I'm preprocessing/preparing a batch of MS Word documents, which I automatically converted from .doc
to .docx
to use them later to train an NLP-model with entity recognition.
I'm a newbie in Python programming as well as in spaCy NLP, but I have some programming experience in other languages. Right now, my biggest question that makes me feel like "I don't know what to do or how to do it" is this:
I have the documents in a folder. I need to parse the raw text and titles (which are in the name of the document itself, not the first line in the document) to make a corpus which is going to be used later on to train the NLP model.
Since I'm a newbie I have a lot to learn. So I've already done a lot of research on this topic. In the beginning it was too much work for me to convert all these .doc
files to .docx
files. But I've finally found a way to do that more conveniently.
Since I need to get the title and the text from a bunch of documents, I assumed that I needed to walk over the documents in the folder, using a for-loop
, which I did like this:
path = '/path/to/folder'
for filename in os.listdir(path):
if filename.endswith('.docx'):
path = os.path.join(path, filename)
I've also tried what I found in this question (using the native python-docx
module).
But this produced the error:
TypeError: sequence item 0: expected str instance, bytes found
Edit:
The TypeError
problem is solved, I tried again 3 different ways to extract text from a Word Document and this one gave me the best output (without errors):
import docx
def getText(filename):
doc = docx.Document(filename)
fullText = []
for para in doc.paragraphs:
fullText.append(para.text)
return '\n'.join(fullText)
print(getText('test.docx'))
So now I (finally) know how to do a good text-extraction from a Word document. I still need to figure out how to do this on a whole folder and what are my next steps in the process in order to make a corpus that will be used for NLP.

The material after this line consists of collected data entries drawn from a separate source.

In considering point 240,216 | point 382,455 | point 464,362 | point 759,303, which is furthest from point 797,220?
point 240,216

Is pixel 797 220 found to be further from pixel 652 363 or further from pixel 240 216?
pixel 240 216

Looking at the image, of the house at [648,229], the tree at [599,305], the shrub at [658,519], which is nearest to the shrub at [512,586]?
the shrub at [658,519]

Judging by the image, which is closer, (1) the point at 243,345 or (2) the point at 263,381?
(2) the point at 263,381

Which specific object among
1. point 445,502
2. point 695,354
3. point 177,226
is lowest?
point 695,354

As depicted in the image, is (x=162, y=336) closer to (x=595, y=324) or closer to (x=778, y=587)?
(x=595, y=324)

Btw. I'm using Pycharm in a Ubuntu 18.04 virtual machine and Python 3.6.
I've also explained my problem a bit in a different way in this post (see comment #9).
I posted this yesterday, it was before trying out what I've found in the question I mentioned earlier on Stack Overflow.
Could anyone give me any idea on what is a good way to extract titles from MS Word document in order to make a corpus of files to use in spaCy?
Thank you very much to take your time.